__Listed records__.
--- --- ---

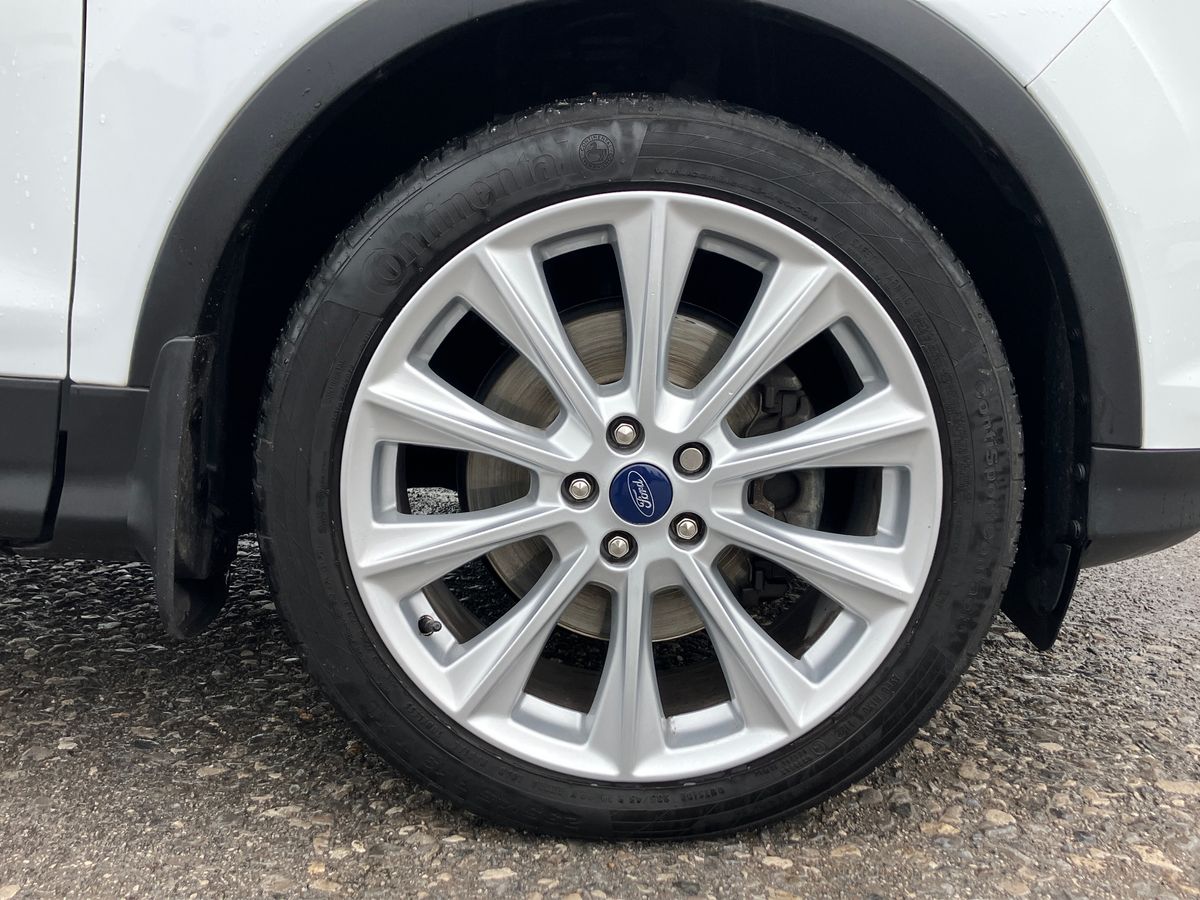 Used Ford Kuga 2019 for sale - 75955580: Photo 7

--- --- ---

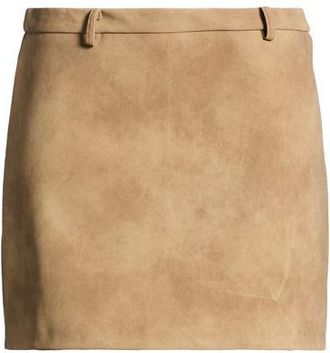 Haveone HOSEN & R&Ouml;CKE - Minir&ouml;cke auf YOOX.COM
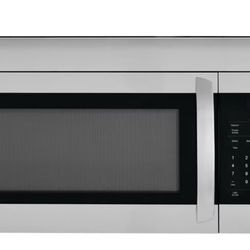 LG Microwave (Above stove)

--- --- ---

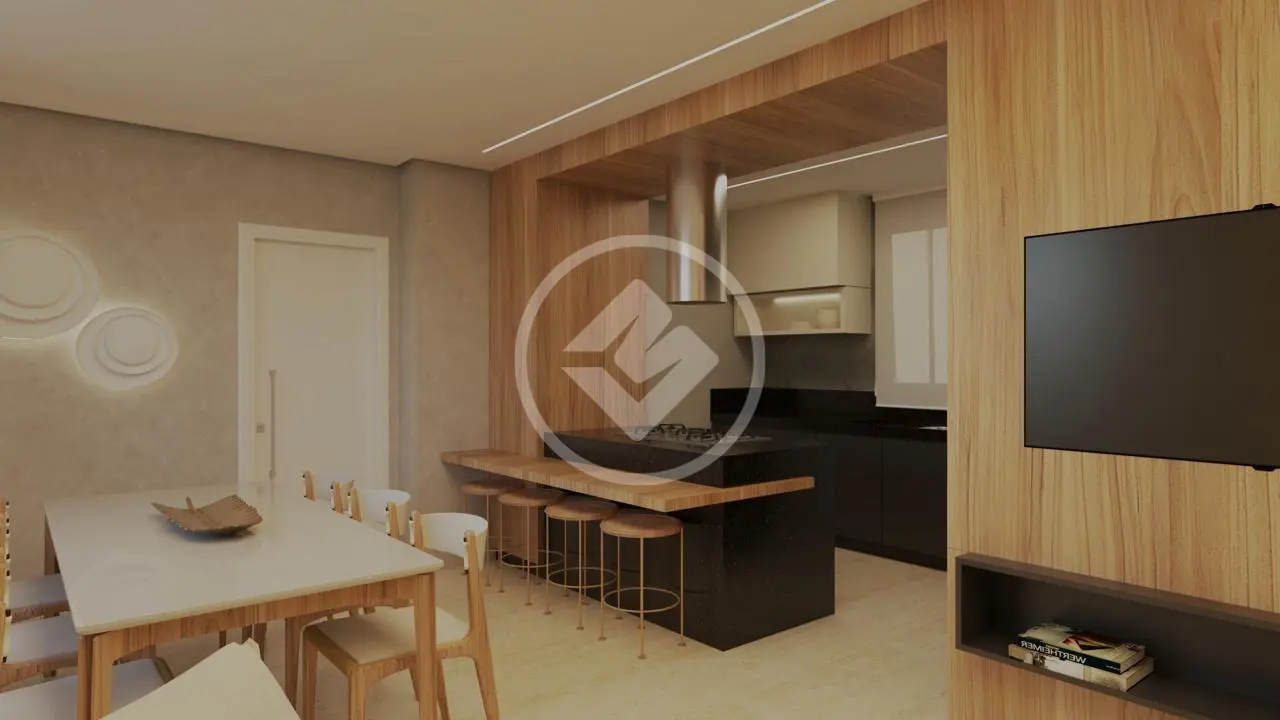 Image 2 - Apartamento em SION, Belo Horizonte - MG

--- --- ---

__Work request__.
Return only the stretch above from the line containing "Haveone HOSEN &" through the line containing "LG Microwave (Above stove)", word for word and without pictures.

__Written response__.
 Haveone HOSEN & R&Ouml;CKE - Minir&ouml;cke auf YOOX.COM
 LG Microwave (Above stove)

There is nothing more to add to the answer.